HOUSE JUDICIARY SUBCOMMITTEE ON CRIME

Hearing on Money Laundering Act of 1999



Prepared Statement of David B. Smith.



Distinguished members of the Committee. I appear today as an individual defense attorney who is an expert on our nation's money laundering and forfeiture laws. In the interest of full disclosure, I want you to know that I serve as co-chair of the Forfeiture Abuse Task Force of the National Association of Criminal Defense Lawyers and have testified in that capacity before the House Judiciary Committee in support of Chairman Henry J. Hyde's Civil Asset Forfeiture Reform Act, HR 1658. I have been deeply involved from the start in the reform effort that led to the Hyde bill. The views I express here are my own; however, I would hope that if I was speaking on behalf of the NACDL, my statement would not differ significantly from what it is. Many years ago, I was the deputy chief of the then-newly organized Asset Forfeiture Office of the DoJ's Criminal Division. I was responsible for supervising all of the government's forfeiture litigation and helped draft some of the forfeiture laws on the books today.

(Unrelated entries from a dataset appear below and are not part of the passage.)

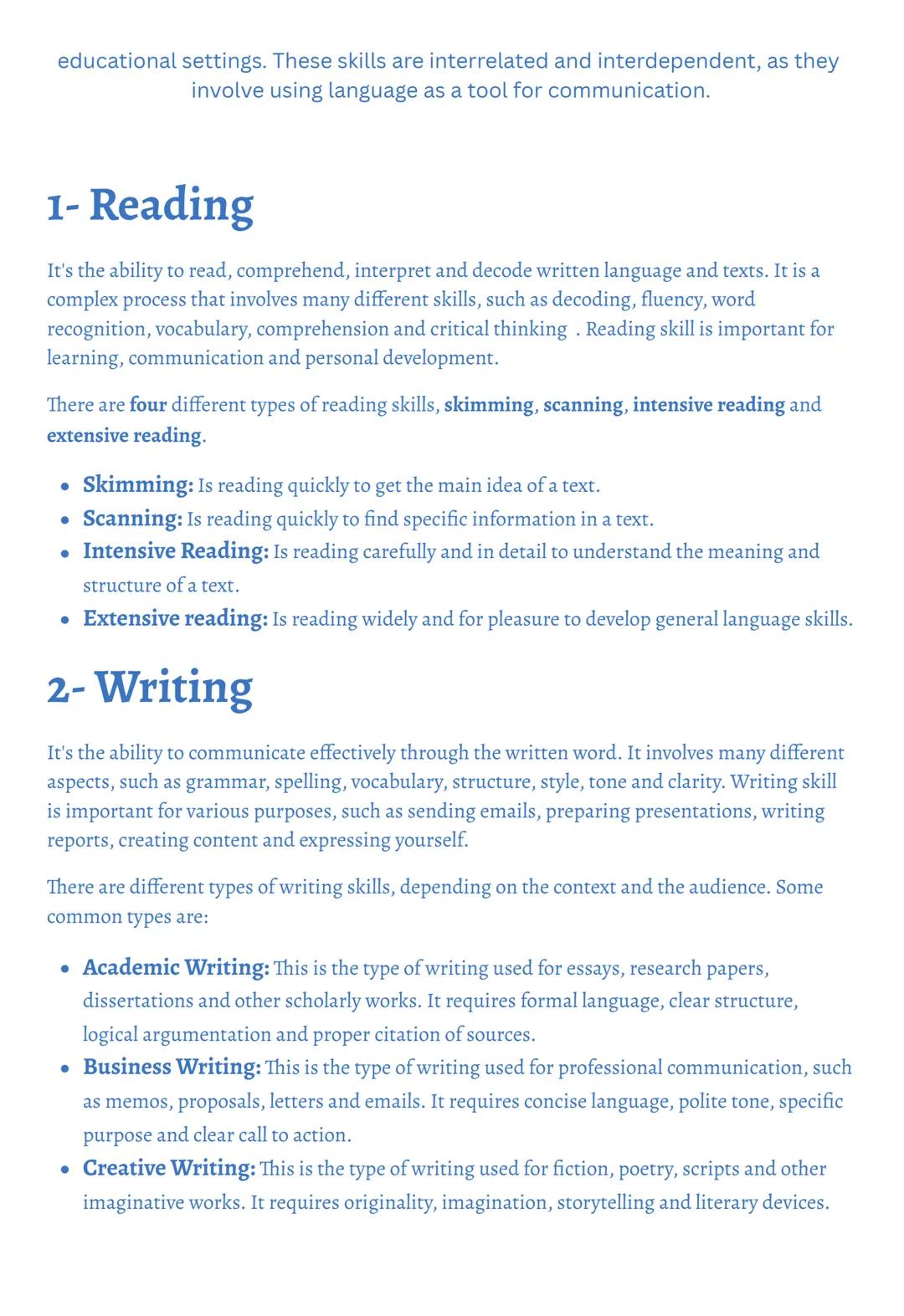 International
ih House
Summary of the 4
Skills
Reading, Writing, Listening & Speaking
By: Omer Alshwihidi
Mrs. Fairouz
Introduction
Communic
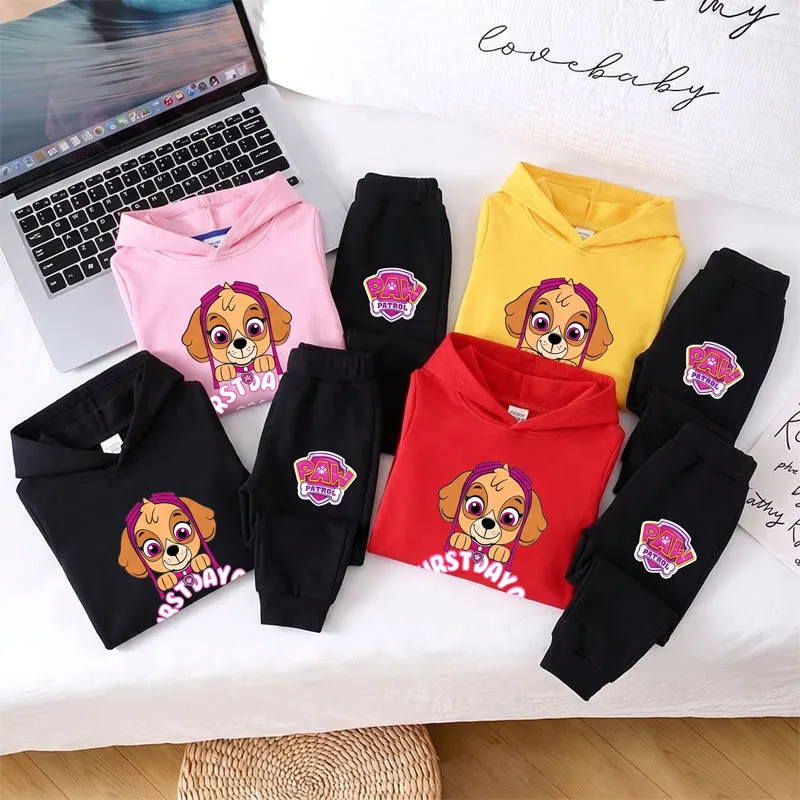 PAW Patrol Girls' Casual Pullover Long Pants Two Piece Sets Cartoon Printed Kids Hoodies Set Children's Breathable Sweatsuit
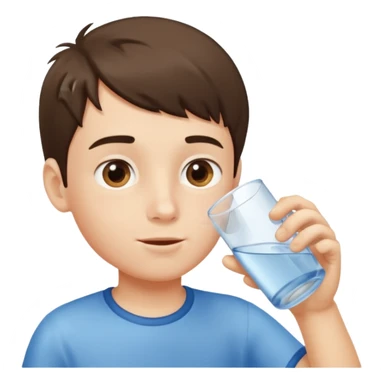 boy drinking water sticker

I am also the author of the leading treatise on forfeiture law, Prosecution and Defense of Forfeiture Cases (Matthew Bender 1999).

The Administration bill you are considering today is by and large a forfeiture bill. Many of the provisions in this bill are also found in the Senate bill introduced by Senator Sessions on behalf of the Department of Justice as an alternative to the Hyde bill. The Sessions bill, S. 1716, is, as I write, in competition with S. 1931, the Civil Asset Forfeiture Reform Act sponsored by Senate Judiciary Committee Chairman Orrin Hatch and Senator Leahy, the Ranking Member. S. 1931 is basically the Hyde bill--albeit some of its more far-reaching provisions are watered down to smooth passage through the Senate. The Sessions bill contains none of the reforms found in the Hyde bill, which the House Judiciary Committee approved by a vote of 27-3. Instead, the Sessions bill is merely a DoJ wish list for expanding its forfeiture powers with only a whiff of procedural reform thrown in. The bill you have before you today has the forfeiture-expanding provisions of the Sessions bill--along with many other provisions designed to aggrandize the government's forfeiture powers--and no forfeiture reforms whatsoever.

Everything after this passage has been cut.